DATA EXTRACT -
----

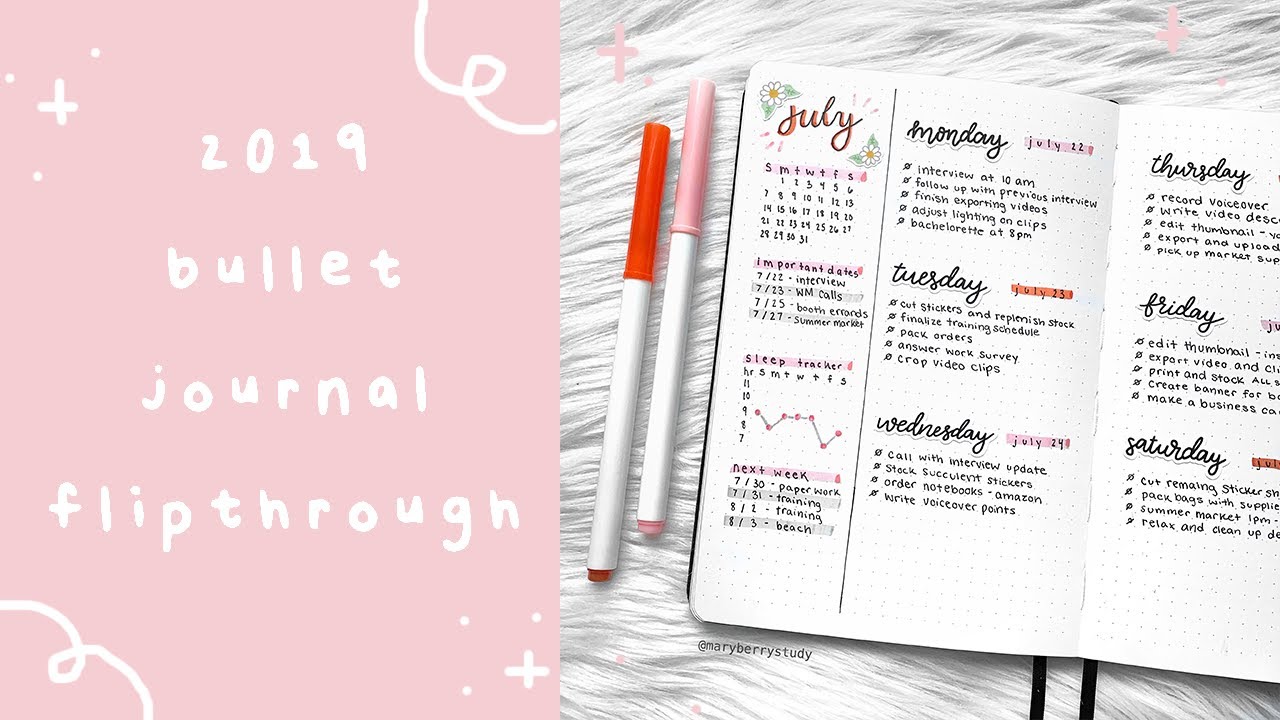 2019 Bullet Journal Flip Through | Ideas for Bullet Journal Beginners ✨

----

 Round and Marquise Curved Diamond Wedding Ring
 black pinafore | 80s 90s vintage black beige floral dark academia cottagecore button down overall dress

----

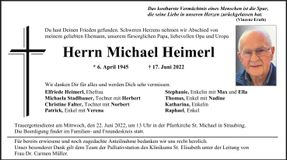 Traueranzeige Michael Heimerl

----

Take the records above and return, word for word, only the lines that fall from the line with "Round and Marquise" to the line with "black pinafore |", both of them included.

OUTPUT FOR THIS EXERCISE -
 Round and Marquise Curved Diamond Wedding Ring
 black pinafore | 80s 90s vintage black beige floral dark academia cottagecore button down overall dress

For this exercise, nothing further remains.